**Data for the task:**
--

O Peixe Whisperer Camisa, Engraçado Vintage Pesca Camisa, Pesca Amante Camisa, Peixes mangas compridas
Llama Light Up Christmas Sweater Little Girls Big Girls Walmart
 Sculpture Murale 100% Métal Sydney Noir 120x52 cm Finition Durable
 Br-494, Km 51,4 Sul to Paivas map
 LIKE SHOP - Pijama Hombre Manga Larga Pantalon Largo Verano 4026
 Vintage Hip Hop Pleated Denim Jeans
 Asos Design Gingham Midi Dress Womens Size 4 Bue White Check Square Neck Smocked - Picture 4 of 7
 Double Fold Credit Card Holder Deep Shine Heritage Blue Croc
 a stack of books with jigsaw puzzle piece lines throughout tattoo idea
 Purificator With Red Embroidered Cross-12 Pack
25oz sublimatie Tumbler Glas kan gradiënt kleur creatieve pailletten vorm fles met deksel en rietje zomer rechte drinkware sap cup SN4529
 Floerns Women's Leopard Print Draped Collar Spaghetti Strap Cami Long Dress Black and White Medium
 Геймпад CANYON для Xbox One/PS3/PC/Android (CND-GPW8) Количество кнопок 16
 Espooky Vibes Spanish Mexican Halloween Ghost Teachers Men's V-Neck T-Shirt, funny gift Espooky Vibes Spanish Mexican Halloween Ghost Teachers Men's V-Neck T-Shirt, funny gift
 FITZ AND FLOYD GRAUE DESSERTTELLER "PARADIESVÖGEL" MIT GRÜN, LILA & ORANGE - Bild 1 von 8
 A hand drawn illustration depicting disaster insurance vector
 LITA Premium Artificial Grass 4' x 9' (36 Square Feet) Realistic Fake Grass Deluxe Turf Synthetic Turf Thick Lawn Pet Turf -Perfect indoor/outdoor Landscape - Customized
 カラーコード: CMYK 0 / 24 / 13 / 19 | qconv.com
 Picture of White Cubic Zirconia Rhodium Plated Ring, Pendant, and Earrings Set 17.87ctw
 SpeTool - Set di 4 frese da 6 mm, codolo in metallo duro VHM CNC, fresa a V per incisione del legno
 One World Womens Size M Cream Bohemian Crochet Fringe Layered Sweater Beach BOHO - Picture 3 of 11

--

**Task details:**
Transcribe every entry in the listing, word for word.

**Written response:**
O Peixe Whisperer Camisa, Engraçado Vintage Pesca Camisa, Pesca Amante Camisa, Peixes mangas compridas
Llama Light Up Christmas Sweater Little Girls Big Girls Walmart
 Sculpture Murale 100% Métal Sydney Noir 120x52 cm Finition Durable
 Br-494, Km 51,4 Sul to Paivas map
 LIKE SHOP - Pijama Hombre Manga Larga Pantalon Largo Verano 4026
 Vintage Hip Hop Pleated Denim Jeans
 Asos Design Gingham Midi Dress Womens Size 4 Bue White Check Square Neck Smocked - Picture 4 of 7
 Double Fold Credit Card Holder Deep Shine Heritage Blue Croc
 a stack of books with jigsaw puzzle piece lines throughout tattoo idea
 Purificator With Red Embroidered Cross-12 Pack
25oz sublimatie Tumbler Glas kan gradiënt kleur creatieve pailletten vorm fles met deksel en rietje zomer rechte drinkware sap cup SN4529
 Floerns Women's Leopard Print Draped Collar Spaghetti Strap Cami Long Dress Black and White Medium
 Геймпад CANYON для Xbox One/PS3/PC/Android (CND-GPW8) Количество кнопок 16
 Espooky Vibes Spanish Mexican Halloween Ghost Teachers Men's V-Neck T-Shirt, funny gift Espooky Vibes Spanish Mexican Halloween Ghost Teachers Men's V-Neck T-Shirt, funny gift
 FITZ AND FLOYD GRAUE DESSERTTELLER "PARADIESVÖGEL" MIT GRÜN, LILA & ORANGE - Bild 1 von 8
 A hand drawn illustration depicting disaster insurance vector
 LITA Premium Artificial Grass 4' x 9' (36 Square Feet) Realistic Fake Grass Deluxe Turf Synthetic Turf Thick Lawn Pet Turf -Perfect indoor/outdoor Landscape - Customized
 カラーコード: CMYK 0 / 24 / 13 / 19 | qconv.com
 Picture of White Cubic Zirconia Rhodium Plated Ring, Pendant, and Earrings Set 17.87ctw
 SpeTool - Set di 4 frese da 6 mm, codolo in metallo duro VHM CNC, fresa a V per incisione del legno
 One World Womens Size M Cream Bohemian Crochet Fringe Layered Sweater Beach BOHO - Picture 3 of 11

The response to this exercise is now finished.